A crash happened while I was playing with deadline PI rtmutex.

    BUG: unable to handle kernel NULL pointer dereference at 0000000000000018
    IP: [<ffffffff810eeb8f>] rt_mutex_get_top_task+0x1f/0x30
    PGD 232a75067 PUD 230947067 PMD 0
    Oops: 0000 [#1] SMP
    CPU: 1 PID: 10994 Comm: a.out Not tainted

    Call Trace:
    [<ffffffff810cf8aa>] ? enqueue_task_dl+0x2a/0x320
    [<ffffffff810b658c>] enqueue_task+0x2c/0x80
    [<ffffffff810ba763>] activate_task+0x23/0x30
    [<ffffffff810d0ab5>] pull_dl_task+0x1d5/0x260
    [<ffffffff810d0be6>] pre_schedule_dl+0x16/0x20
    [<ffffffff8164e783>] __schedule+0xd3/0x900
    [<ffffffff8164efd9>] schedule+0x29/0x70
    [<ffffffff8165035b>] __rt_mutex_slowlock+0x4b/0xc0
    [<ffffffff81650501>] rt_mutex_slowlock+0xd1/0x190
    [<ffffffff810eeb33>] rt_mutex_timed_lock+0x53/0x60
    [<ffffffff810ecbfc>] futex_lock_pi.isra.18+0x28c/0x390
    [<ffffffff810cfa15>] ? enqueue_task_dl+0x195/0x320
    [<ffffffff810d0bac>] ? prio_changed_dl+0x6c/0x90
    [<ffffffff810ed8b0>] do_futex+0x190/0x5b0
    [<ffffffff810edd50>] SyS_futex+0x80/0x180
    [<ffffffff8165a089>] system_call_fastpath+0x16/0x1b
    RIP  [<ffffffff810eeb8f>] rt_mutex_get_top_task+0x1f/0x30

This is because rt_mutex_enqueue_pi() and rt_mutex_dequeue_pi()
are only protected by pi_lock when operating pi waiters, while
rt_mutex_get_top_task()(now replaced by rt_mutex_get_top_waiter()
by previous patches, same issue), will access them with rq lock
held but not holding pi_lock.

In order to tackle it, we introduce new "pi_waiters_leftmost_copy"
in task_struct, and add a new function named rt_mutex_update_copy()
to do the copy, it can be called by rt_mutex_setprio() which held
owner's pi_lock, rq lock, and rt_mutex lock. But one exception is
that rt_mutex_setprio() can be called without rtmutex locked after
mark_wakeup_next_waiter() by rt_mutex_adjust_prio(), so we need a
new function in mark_wakeup_next_waiter() to lock rq first then
call rt_mutex_update_copy().

We avoid adding new logic by calling __rt_mutex_adjust_prio() directly
in mark_wakeup_next_waiter()and remove the old rt_mutex_adjust_prio()
outside the lock. Since we moved the deboost point, in order to avoid
current process to be preempted(due to deboost earlier) before finishing
wake_up_q(), we also move preempt_disable() before unlocking rtmutex.
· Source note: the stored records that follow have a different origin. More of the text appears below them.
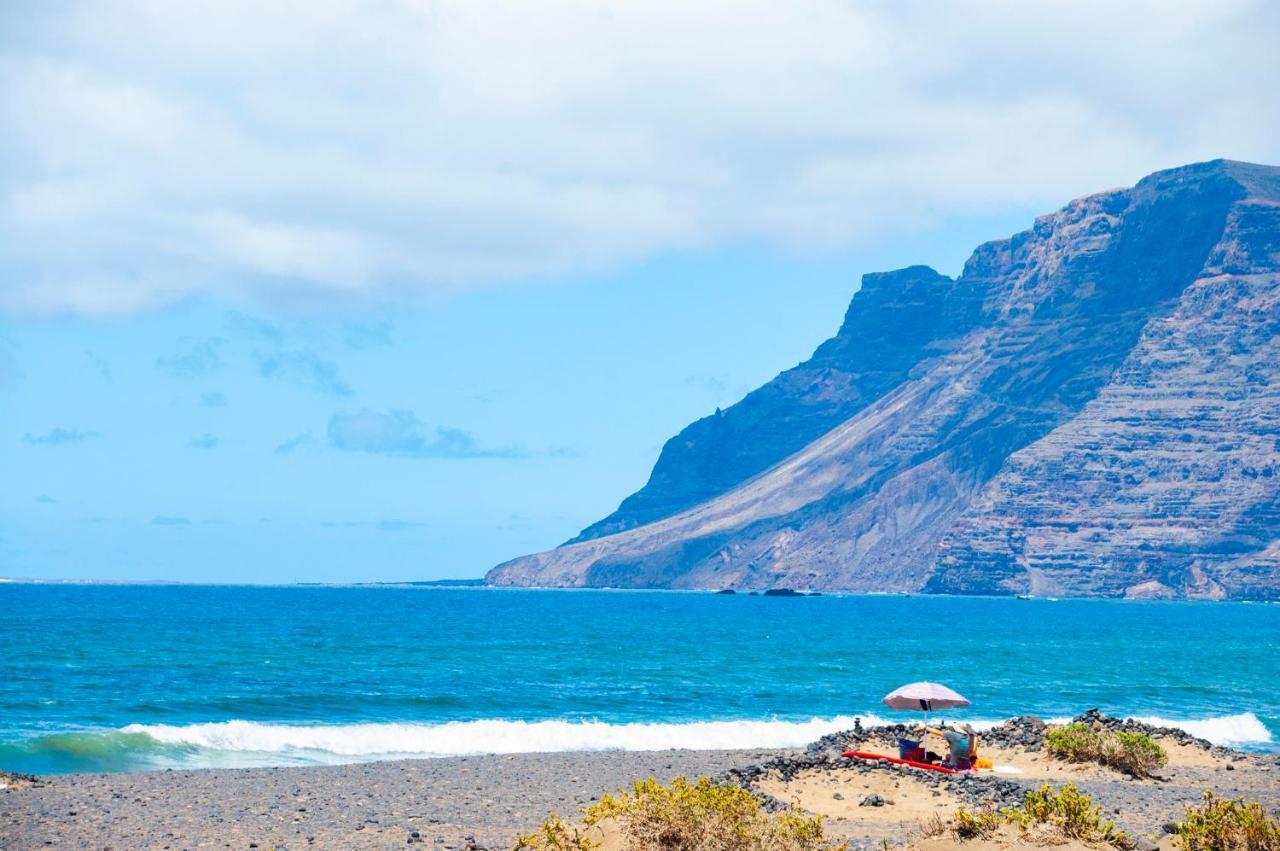 El Arenal De Famara Διαμέρισμα Εξωτερικό φωτογραφία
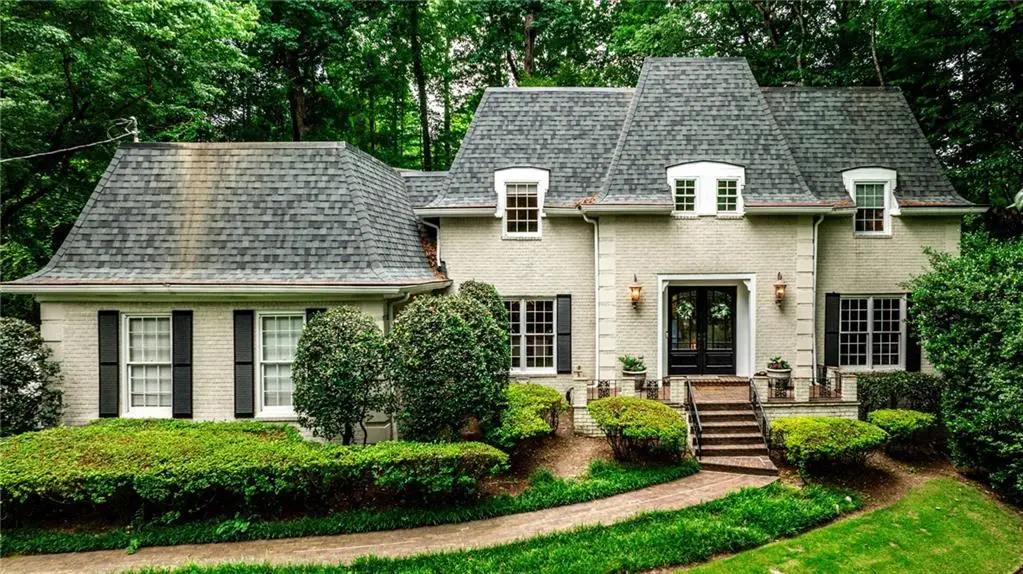 1382 W Wesley Road Nw, Atlanta, GA 30327 - #1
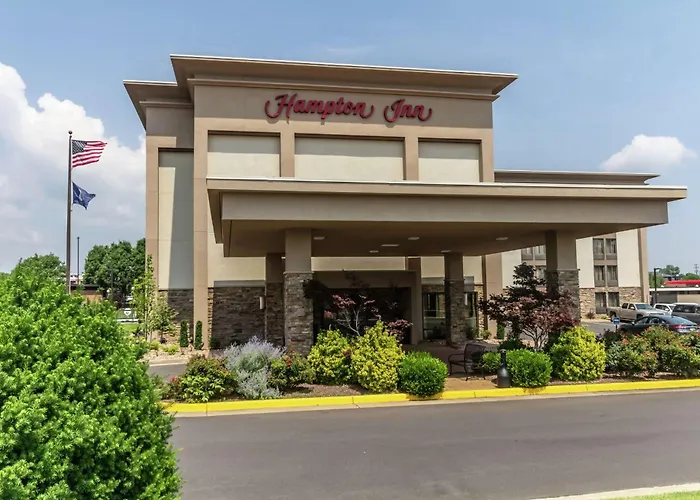 Hampton Inn Winchester-University/ Mall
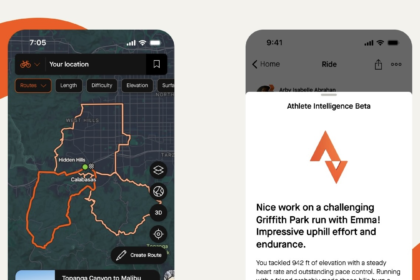 Strava Features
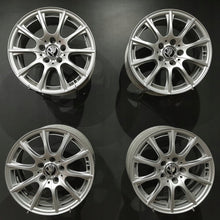 Laden Sie das Bild in den Galerie-Viewer, 4x Alufelge 16 Zoll 6.5" 5x112 38ET A2054012400 Mercedes-Benz Octavia I FEL4959634618zo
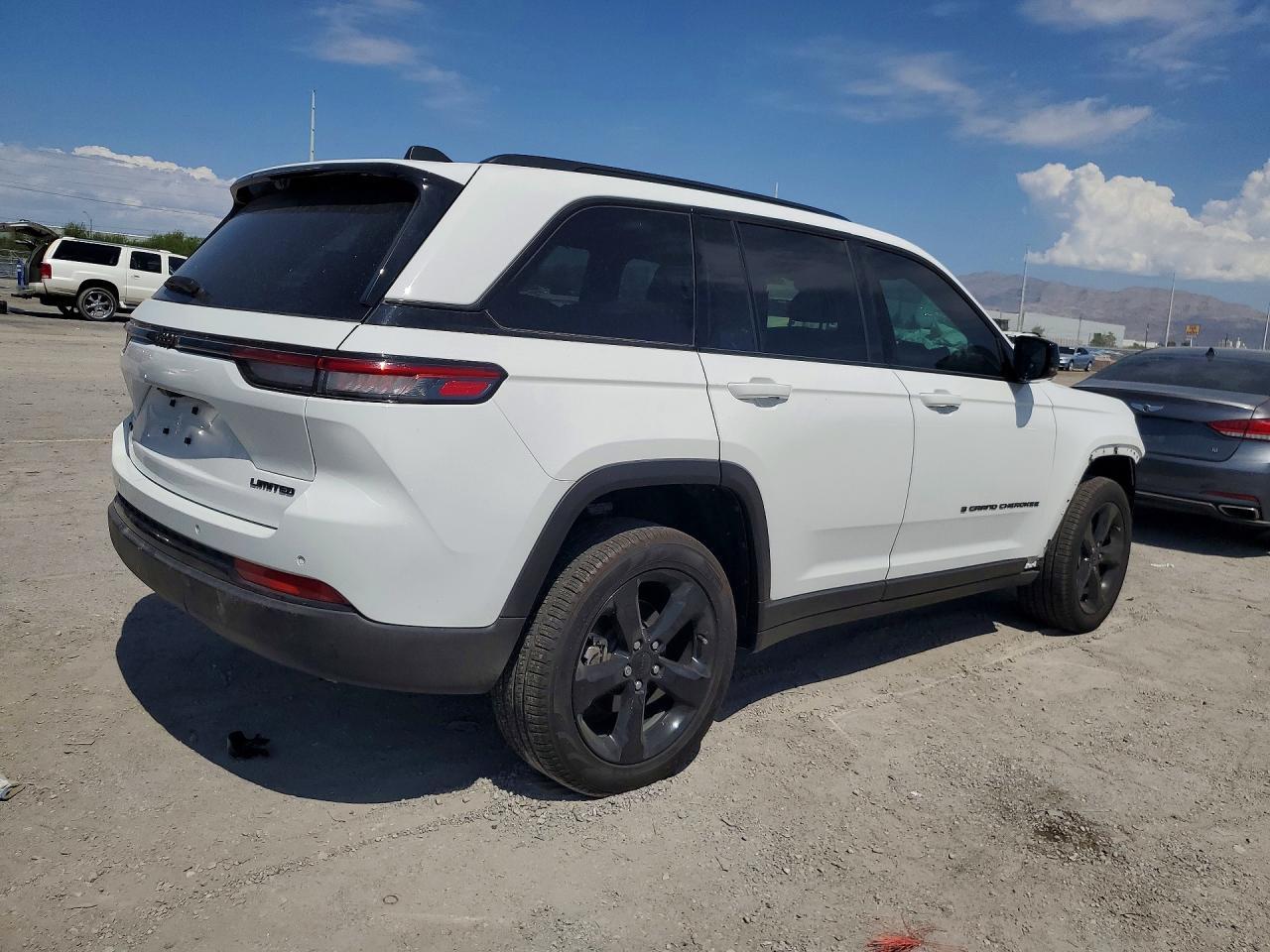 2025 Jeep Grand Cherokee, Lim...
Originally-From: Peter Zijlstra <[email protected]>
Signed-off-by: Xunlei Pang <[email protected]>
---
 include/linux/init_task.h      |  3 ++-
 include/linux/sched.h          |  3 +++
 include/linux/sched/deadline.h |  2 ++
 kernel/fork.c                  |  1 +
 kernel/locking/rtmutex.c       | 61 +++++++++++++++++-------------------------
 kernel/sched/core.c            |  2 ++
 6 files changed, 35 insertions(+), 37 deletions(-)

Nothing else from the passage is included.